» What you will do
Please repeat exactly, and only, the lines from the one containing "White on Bracelet" through the end of the records below, with no pictures.

» Input data
════════
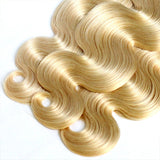 Body Wave Human Hair #613 Blonde Bundles (A) 161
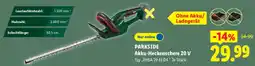 Lidl PARKSIDE Akku-Heckenschere 20 V Angebot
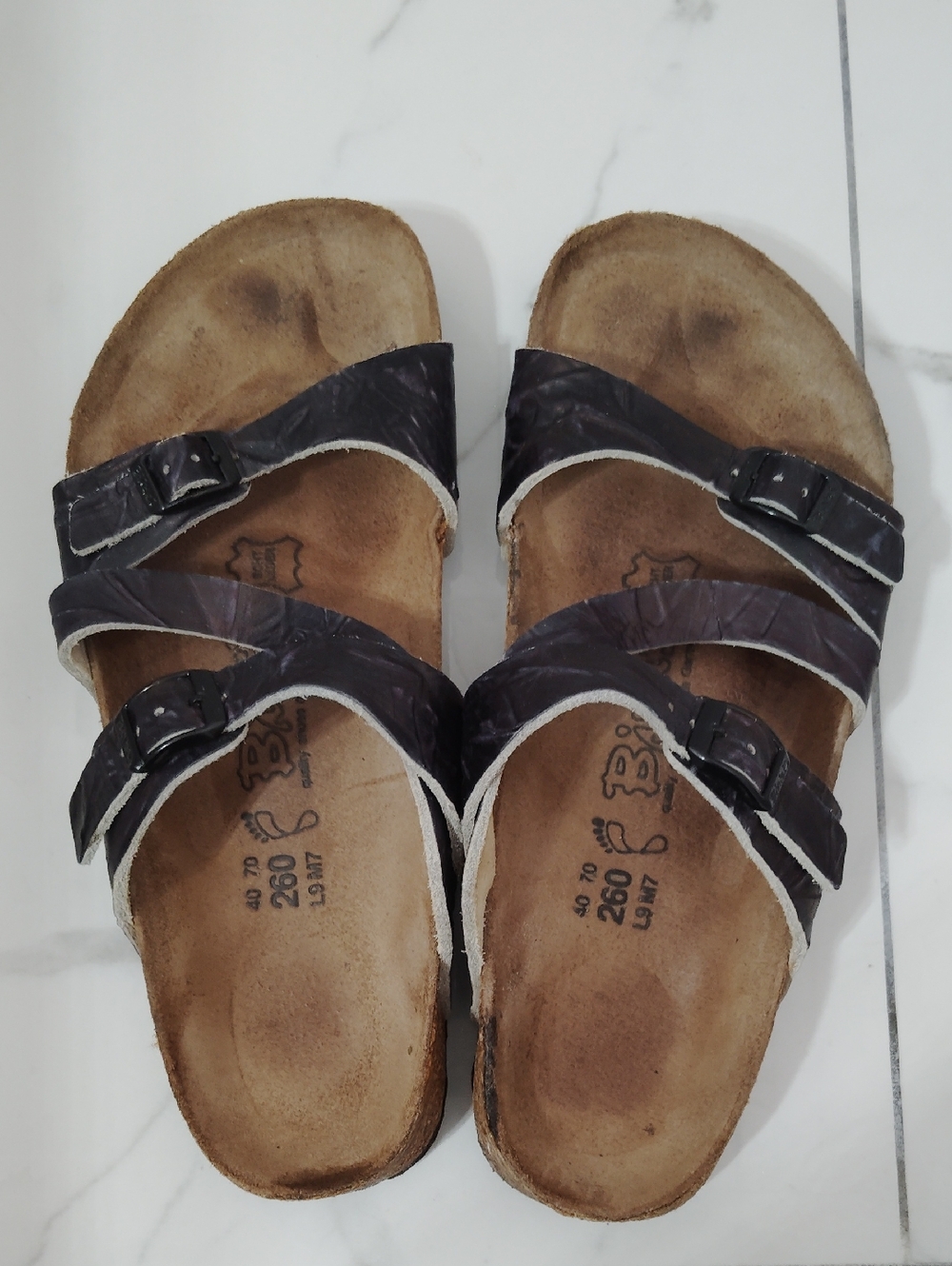 Birkenstock Black two strap Sandal - Picture 4 of 9
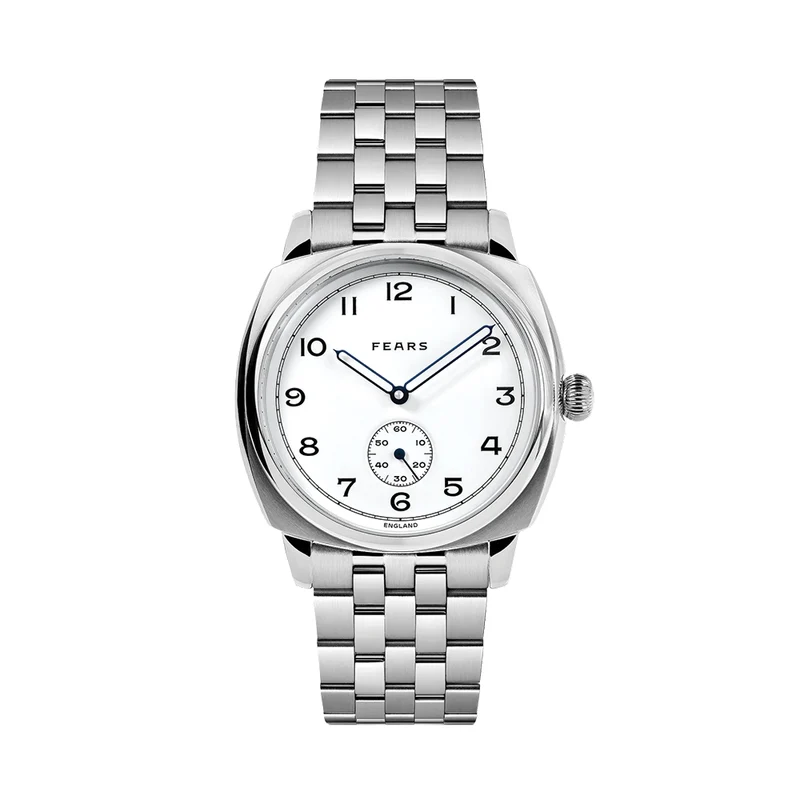 Brunswick "Polar White II" 38mm - White on Bracelet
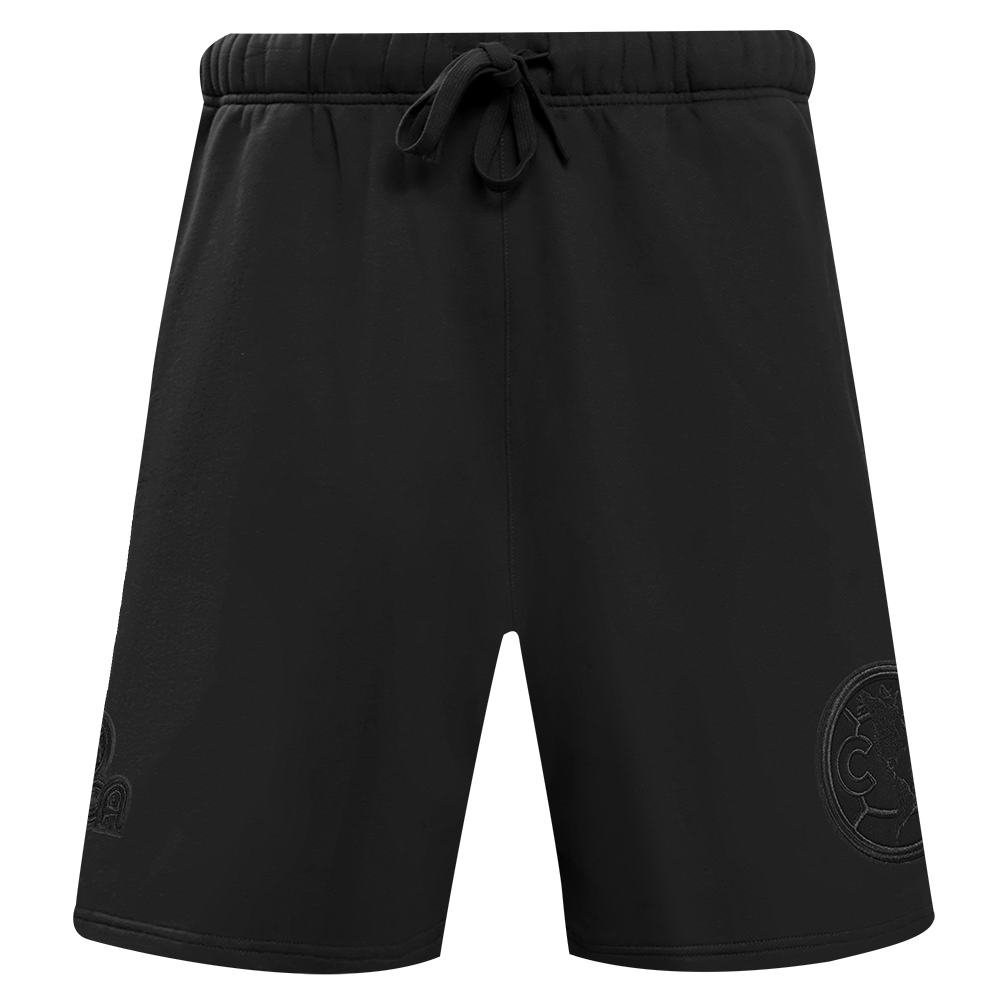 LIGA MX CLUB AMERICA NEUTRAL MEN'S FLEECE SHORT (BLACK)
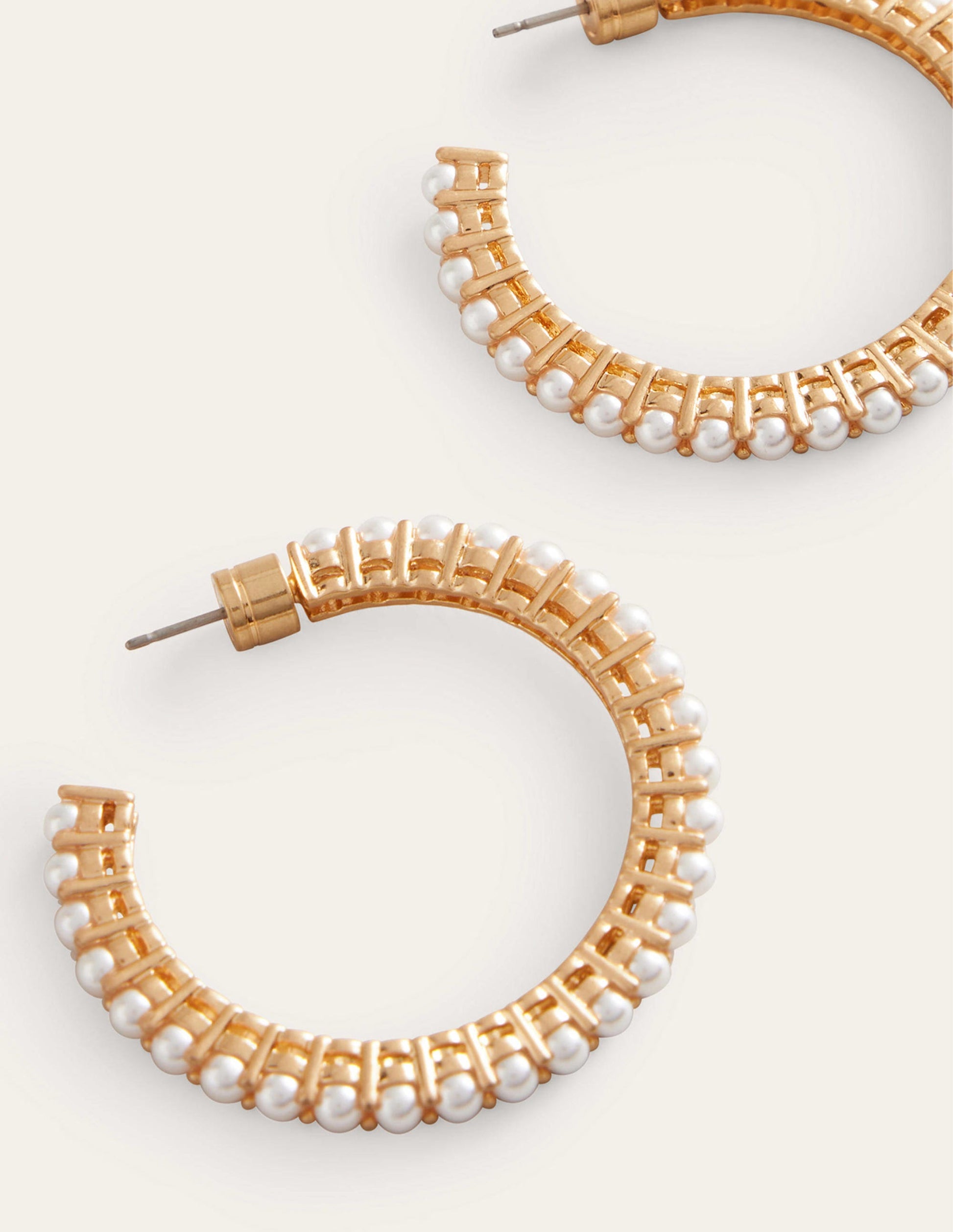 Double Ball Hoops-Pearl-3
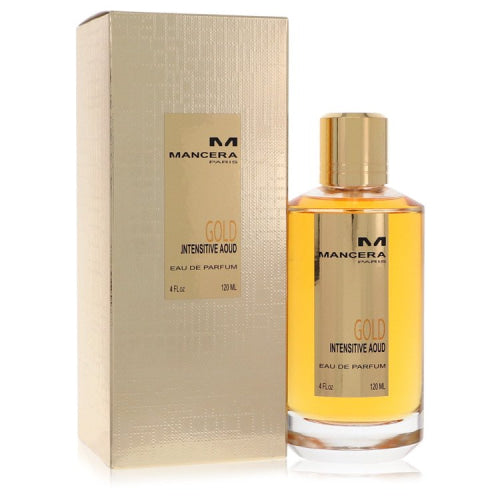 Mancera Intensitive Aoud Gold by ManceraEau De Parfum Spray (Unisex) 4 oz 4 oz / 120 ml / Alcohol, Amber, Woody, Aldehyde, Oils Unisex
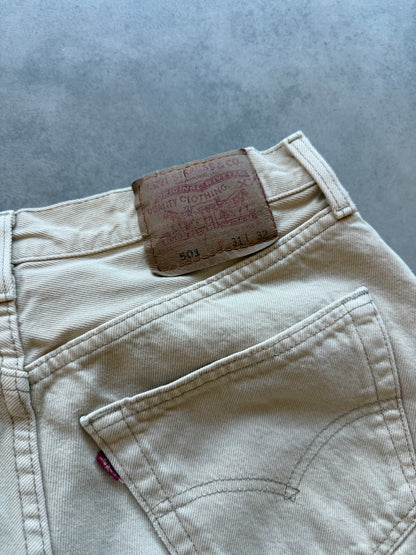 Levis 501 vintage ženske bež farmerke (31x32)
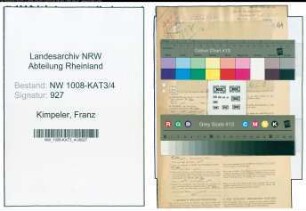 Entnazifizierung Franz Kimpeler , geb. 02.05.1900 ()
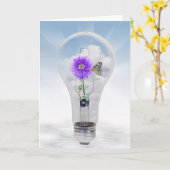 Denken Sie an Ihre Blume Bulb Karte (Gelbe Blume)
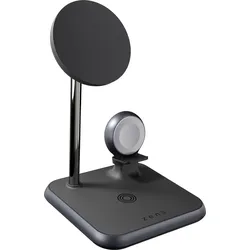 ZENS Smartphone-Ladegerät "4-in-1 Magnetic + Watch Wireless Charger", schwarz, Ladegeräte
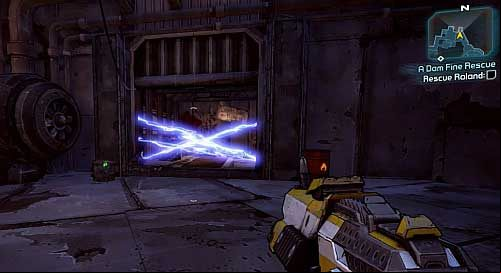 Once you defeat him and move onwards, you will reach a chest behind a force field show in the above screenshot - A Dam Fine Rescue | Main missions walkthrough for Borderlands 2 - Main missions - Borderlands 2 Game Guide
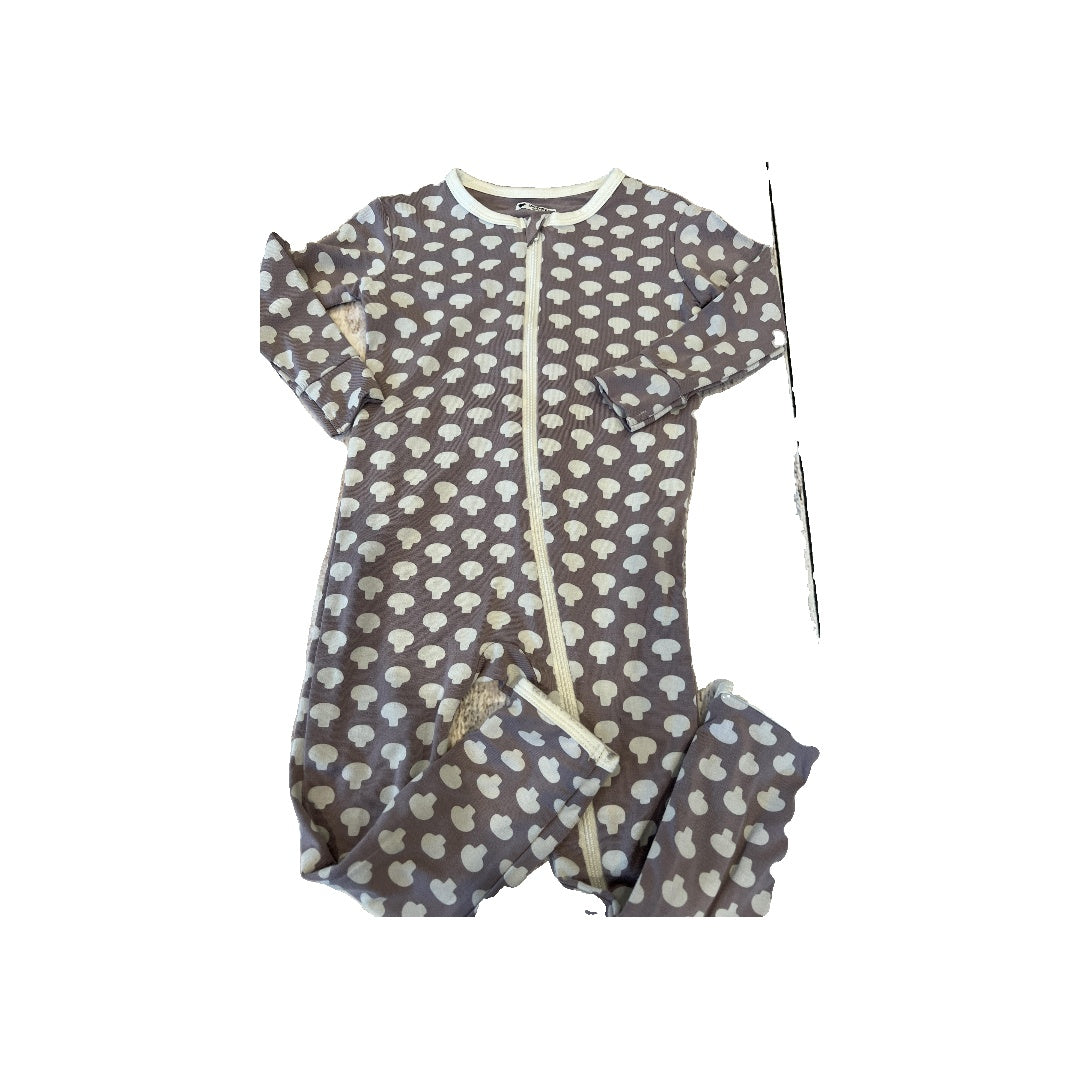 KicKee Pants Girls Lavender | White | Pattern Long Sleeve Outfit Size: 18-24 months Lavender | White | Pattern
════════
» Task result
 Brunswick "Polar White II" 38mm - White on Bracelet
 LIGA MX CLUB AMERICA NEUTRAL MEN'S FLEECE SHORT (BLACK)
 Double Ball Hoops-Pearl-3
 Mancera Intensitive Aoud Gold by ManceraEau De Parfum Spray (Unisex) 4 oz 4 oz / 120 ml / Alcohol, Amber, Woody, Aldehyde, Oils Unisex
 Levis 501 vintage ženske bež farmerke (31x32)
 Entnazifizierung Franz Kimpeler , geb. 02.05.1900 ()
 Denken Sie an Ihre Blume Bulb Karte (Gelbe Blume)
 ZENS Smartphone-Ladegerät "4-in-1 Magnetic + Watch Wireless Charger", schwarz, Ladegeräte
 Once you defeat him and move onwards, you will reach a chest behind a force field show in the above screenshot - A Dam Fine Rescue | Main missions walkthrough for Borderlands 2 - Main missions - Borderlands 2 Game Guide
 KicKee Pants Girls Lavender | White | Pattern Long Sleeve Outfit Size: 18-24 months Lavender | White | Pattern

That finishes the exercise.